Question

Consider a population consisting of the number of teachers per college at small 2-year colleges. Suppose that the number of teachers per college has an average \(\mu=175\) and a standard deviation \(\sigma=15 .\) a. Use Tchebysheff's Theorem to make a statement about the percentage of colleges that have between 145 and 205 teachers. b. Assume that the population is normally distributed. What fraction of colleges have more than 190 teachers?

Short answer

Answer: At least 75% of small 2-year colleges have between 145 and 205 teachers.

Step-by-step solution

a. Use Tchebysheff's Theorem

According to Tchebysheff's theorem, for any k > 0, at least \(1 - \frac{1}{k^2}\) of the data values lie within k standard deviations of the mean. First, we need to determine k, the number of standard deviations away from the mean for both 145 and 205. Lower limit: \(k_l = \frac{(145 - \mu)}{\sigma} = \frac{(145 - 175)}{15} = -2\) Upper limit: \(k_u = \frac{(205 - \mu)}{\sigma} = \frac{(205 - 175)}{15} = 2\) Since both lower and upper limits are within 2 standard deviations, we can use Tchebysheff's theorem with k = 2: Percentange of colleges within 145 and 205 teachers: \(1 - \frac{1}{k^2} = 1 - \frac{1}{4} = \frac{3}{4} = 75 \%\) So, at least 75% of colleges will have between 145 and 205 teachers.

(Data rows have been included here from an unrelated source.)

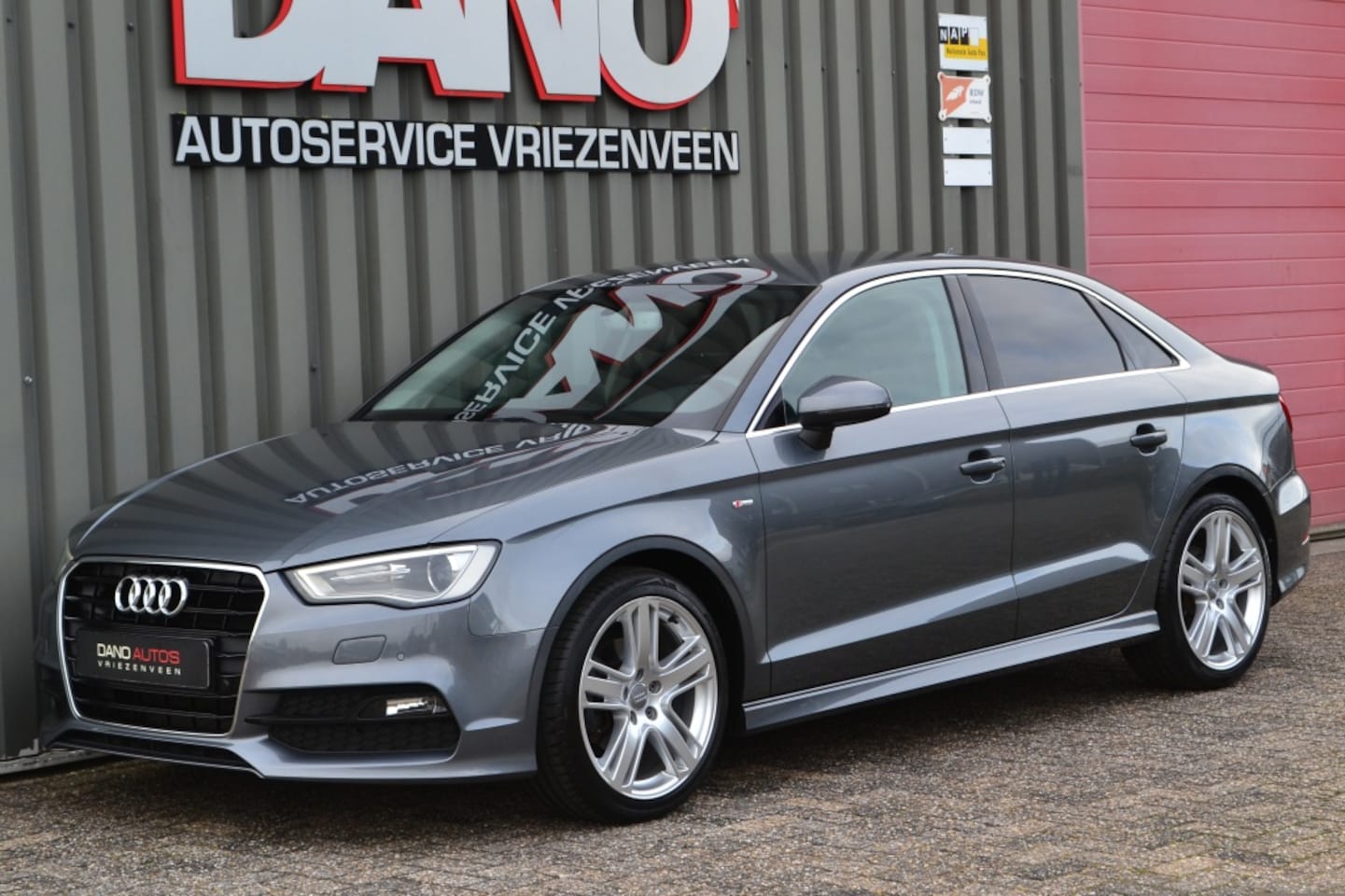 Audi A3 Limousine - 1.4 TFSI 150 PK S-Line LED/Navi/Keyless/18'' - AutoWereld.nl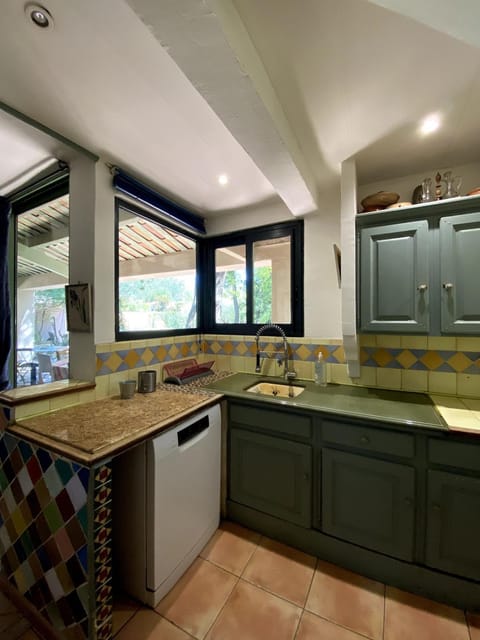 Maison entière 5 min du centre d'Avignon House in Avignon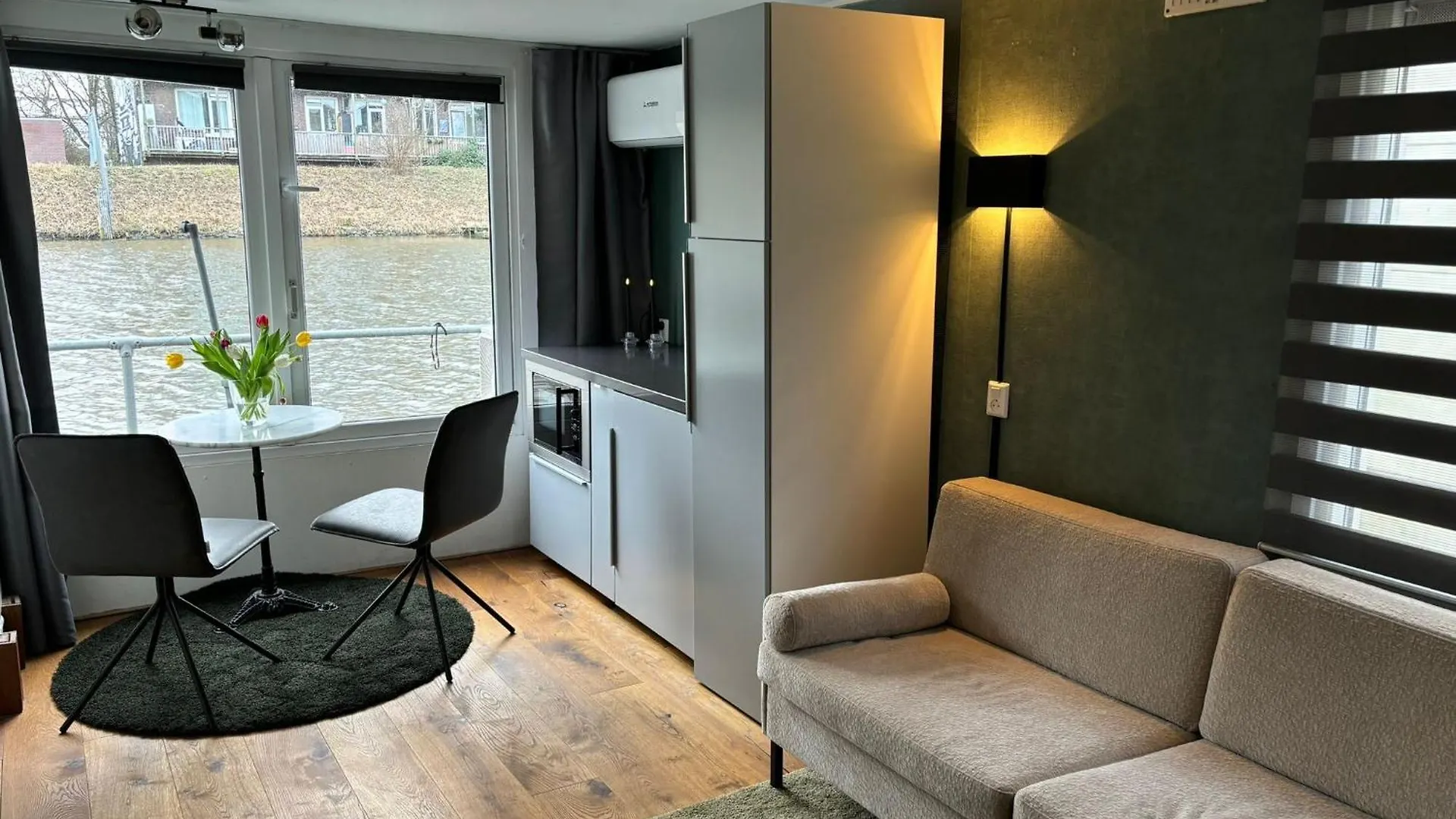 Luxury Studio On Robs Houseboat Special For Couples Amsterdam Bed & Breakfast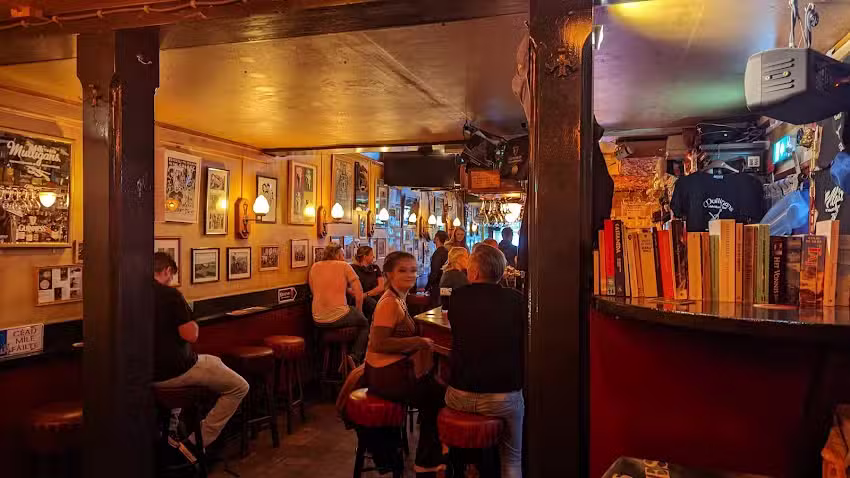 Mulligans Irish Music Bar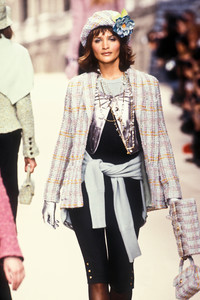 0_chanel-fw-1994-1_html.thumb.JPEG.5bfe728b9edc36d3cb11d949ffe1e0e6.JPEG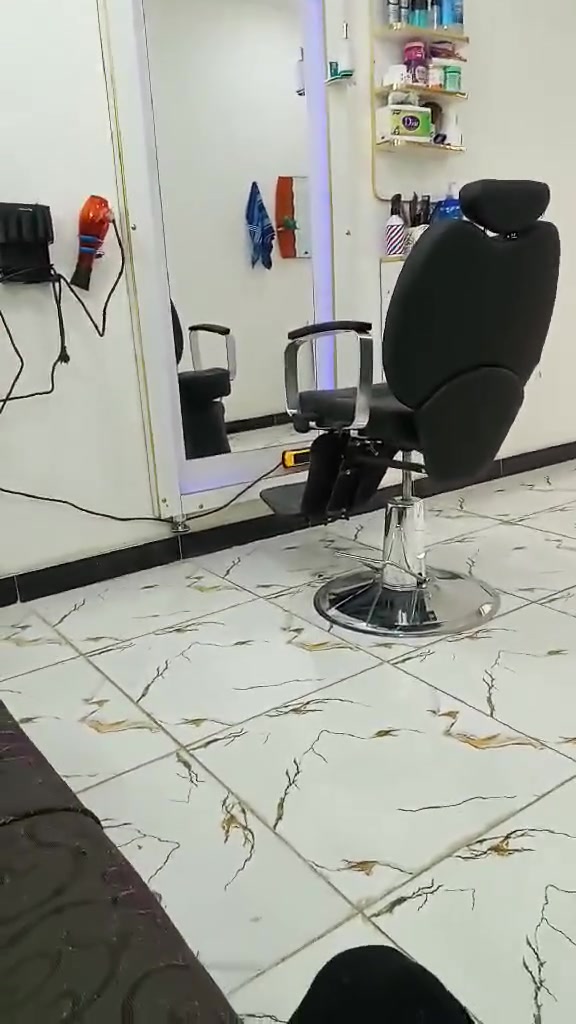 السلام عليكم ، للبيع غراض حلاقة كرسي و المرايا الموجود في الفيديو فقط مكان بغداد 
***********
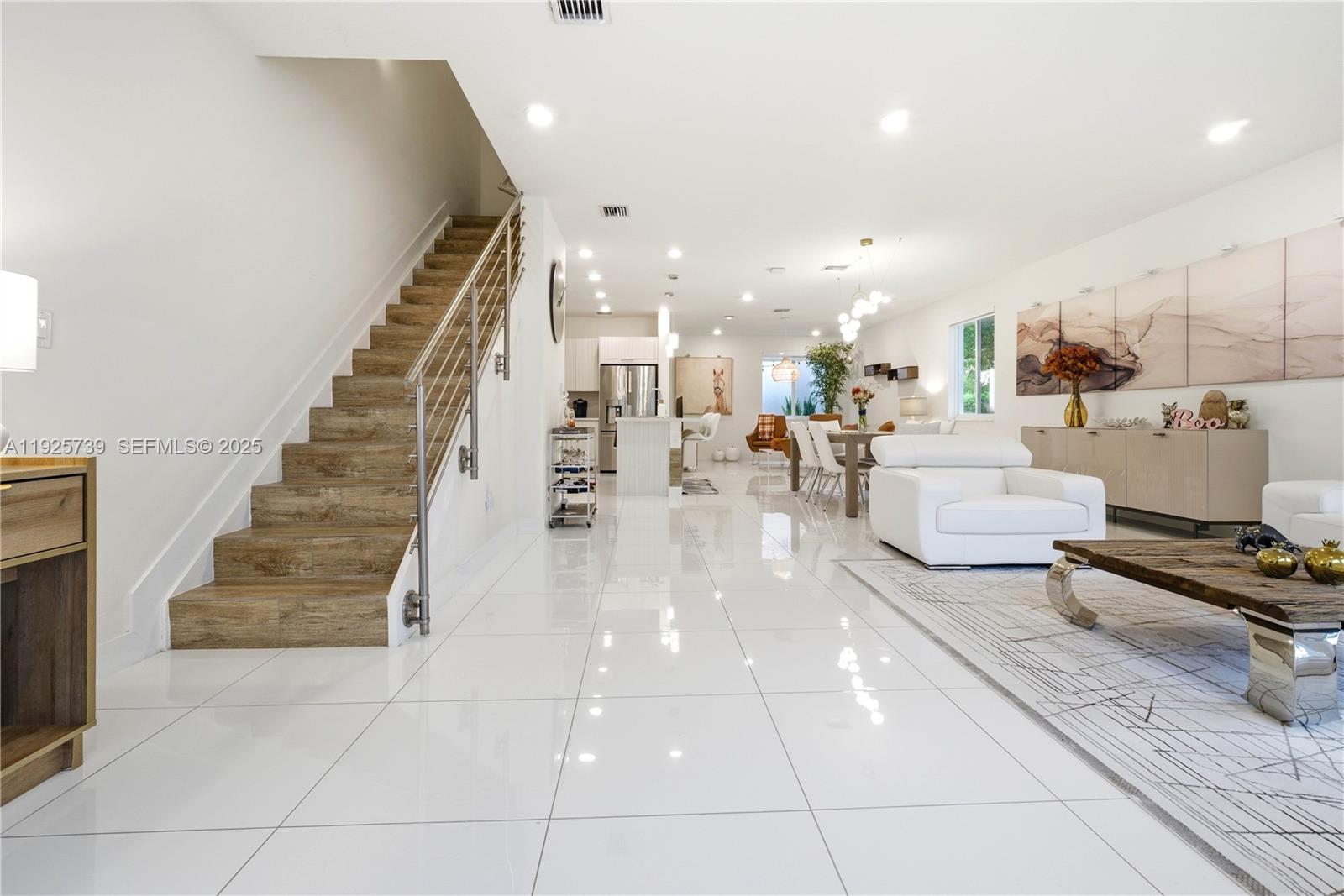 6611 NW 102nd Path Doral, FL 33178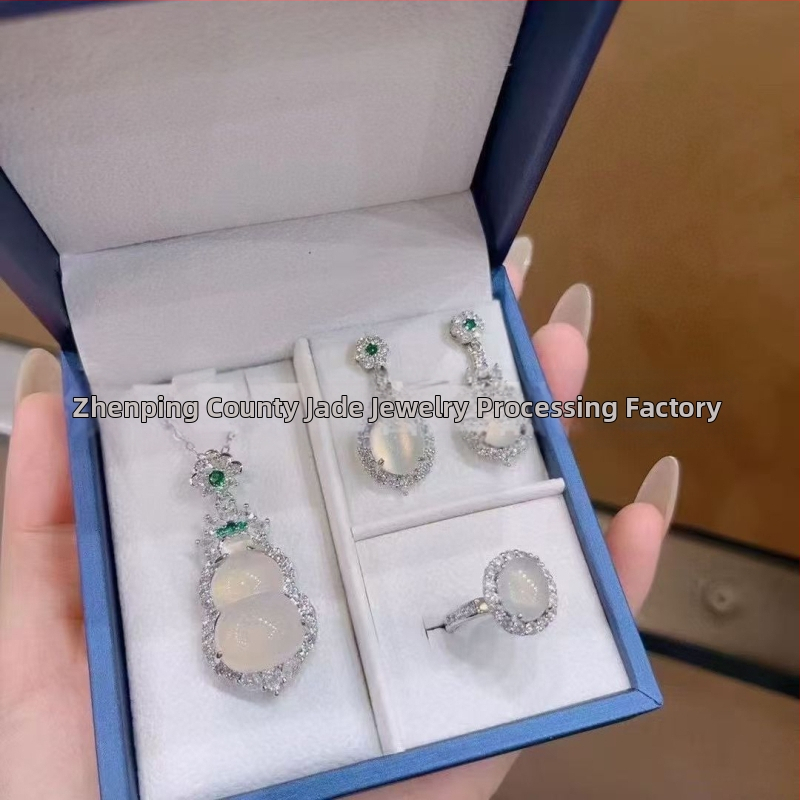 Sudraba pārklājuma chalcedona rotaslietu komplekts: dabīgais chalcedons kulons, auskari un rokassprādze; materiāls: chalcedons, apdare: pulēšana, avots: dabisks, stils: moderns minimālais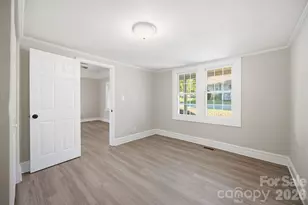 315 S Rose Ave, Kannapolis, NC 28083 - Photo 17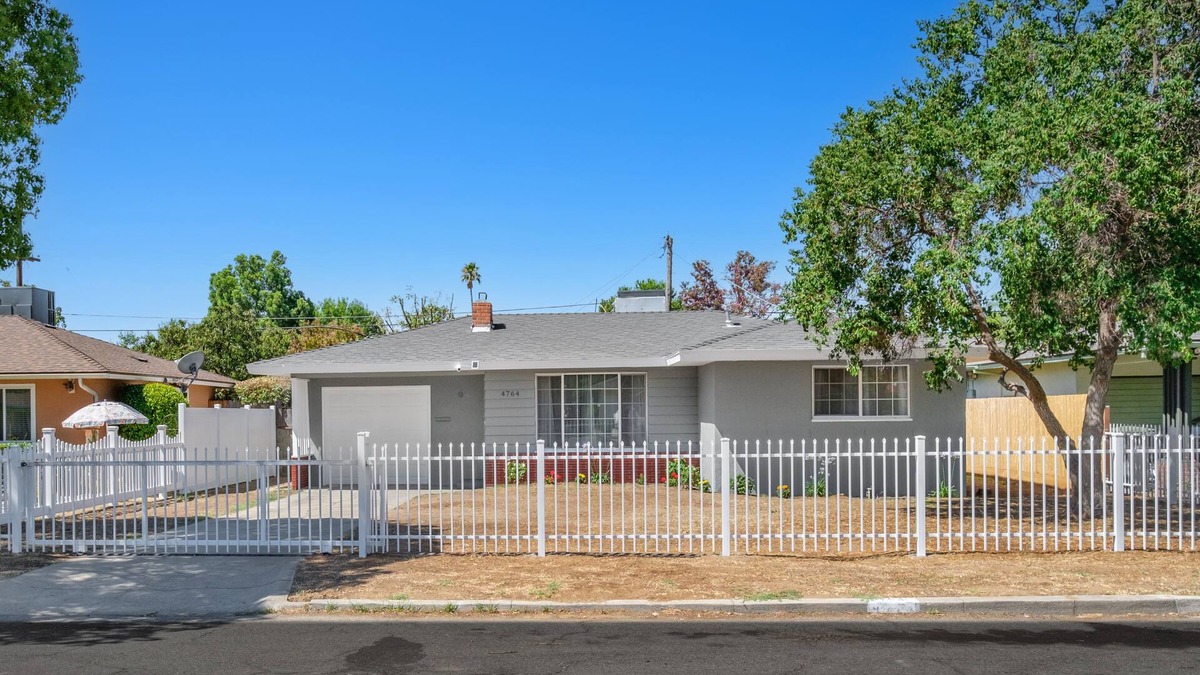 Raisin House | Cozy 2B/1Bth w Great Access to Airport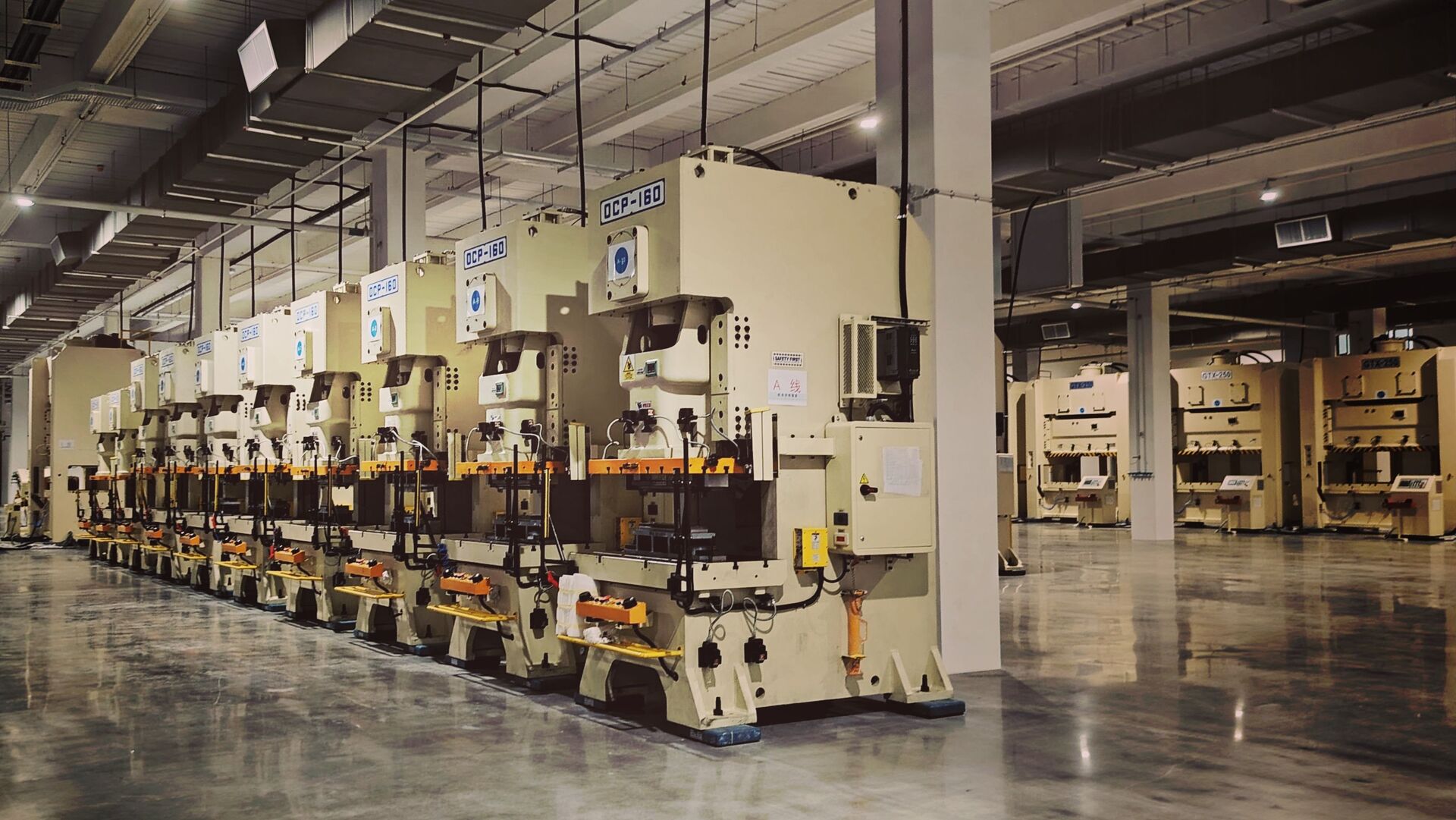 Macchinari industriali in una linea di produzione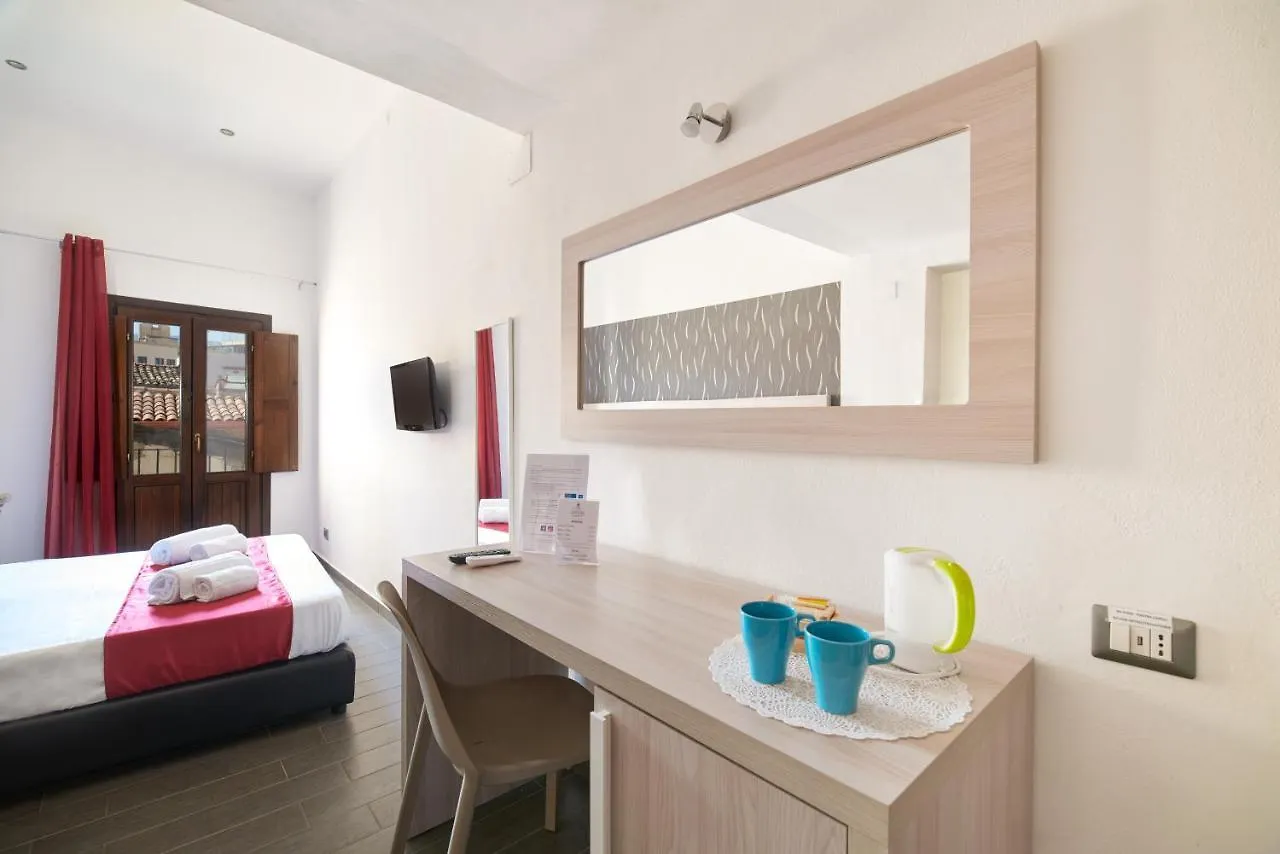 La Terrazza Sul Centro Bed and Breakfast Palermo 2*,  Italien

b. Find the fraction of colleges with more than 190 teachers

First, we need to find the z-score for 190 teachers: \(z = \frac{(190 - \mu)}{\sigma} = \frac{(190 - 175)}{15} = 1\) Using the standard normal distribution table or calculator, we can find the area to the left (cumulative probability) of z = 1, which is approximately 0.8413. Now, to find the fraction of colleges with more than 190 teachers, we subtract the cumulative probability from 1: \(1 - 0.8413 = 0.1587\) Therefore, approximately 15.87% of colleges have more than 190 teachers.